May is Stroke Awareness Month and is the leading cause of adult disability in the United States. A stroke, sometimes call a brain attack, happens in one of two ways: A blocked artery or a ruptured artery. Stroke kills nearly 150,000 of the 860,000 Americans who die of cardiovascular disease each year and is occurring more often in younger people.

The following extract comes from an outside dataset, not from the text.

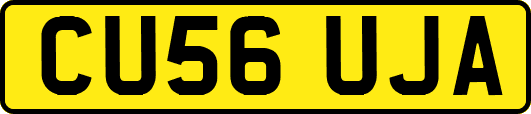 CU56UJA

A stroke can happen to anyone, at any time, including children. According to Centers for Disease Control and Prevention, every year about 800,000 people in the United States have a stroke—and about 1 out of 4 of those strokes are recurrent strokes. Once you have one stroke, you are at greater risk of having another one. Factors such as your age, sex, and ethnicity can increase your risk of having a stroke. There are however many unhealthy habits, such as smoking, drinking too much alcohol, and not getting enough exercise, that you can change to lower your stroke risk. Having other medical issues like high blood pressure, high cholesterol, diabetes, or obesity can also increase your risk for stroke. By treating these conditions, you can reduce your risk immensely.
High blood pressure is the leading cause of stroke, known as the “silent killer”.
Nearly half of American adults have high blood pressure, many of which don’t even know they have it. This Stoke Awareness Month encourages people to have their blood pressure checked and highlights the importance of maintaining a healthy lifestyle to reduce the risk of a stroke.
Learning the warning signs might just save a life from stroke. In the event of a suspected stroke, you need to act fast.
Face dropping: Does one side of the face droop or is it numb? Ask the person to smile. Is the person's smile uneven?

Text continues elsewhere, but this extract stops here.